# Trail riding this weekend



## Trailblazer (Jun 27, 2007)

Hey guys were is a desent place to take my 2 nephews trail riding within 100 - 150 miles of Clio Mi? I'm taken my ATV up from IL and want to take them riding. They are 10 and 13 have their own dirt bikes. 50 and 80 CC so got to kinda watch what we get into. I took them to Gladwin trails a few weeks ago and the 50 just didn't want to go in all the sandy hills. Thanks for any input.


----------



## eddiejohn4 (Dec 23, 2005)

Leota trail system in leota. ( north of Clare and west of Harrison)


----------



## fasthunter (Sep 15, 2006)

eddiejohn4 said:


> Leota trail system in leota. ( north of Clare and west of Harrison)

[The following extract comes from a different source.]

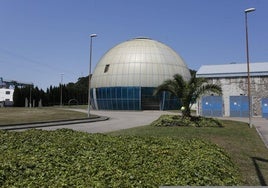 La depuradora de Maqua, en Avilés.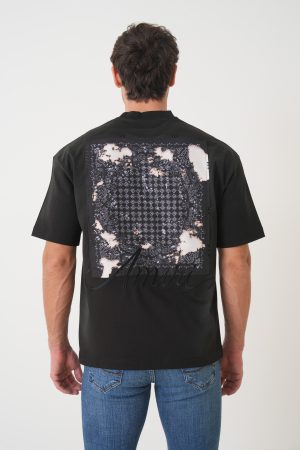 Amiri 'Bleach Bandana' Patch T-Shirt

 Is that the trail system where Heather was beating on my back!!!:lol: :lol: :lol: :lol: :lol:


----------



## eddiejohn4 (Dec 23, 2005)

Yep that be the one.:lol:


----------



## fasthunter (Sep 15, 2006)

:evilsmile:evilsmile:evil: That was fun Eddie.


----------



## Westlakedrive (Feb 25, 2005)

You can check out Baldwin/ Lake County. Its Manistee National Forest not state land. http://www.fs.fed.us/r9/hmnf/pages/Recreation/orving.htm


----------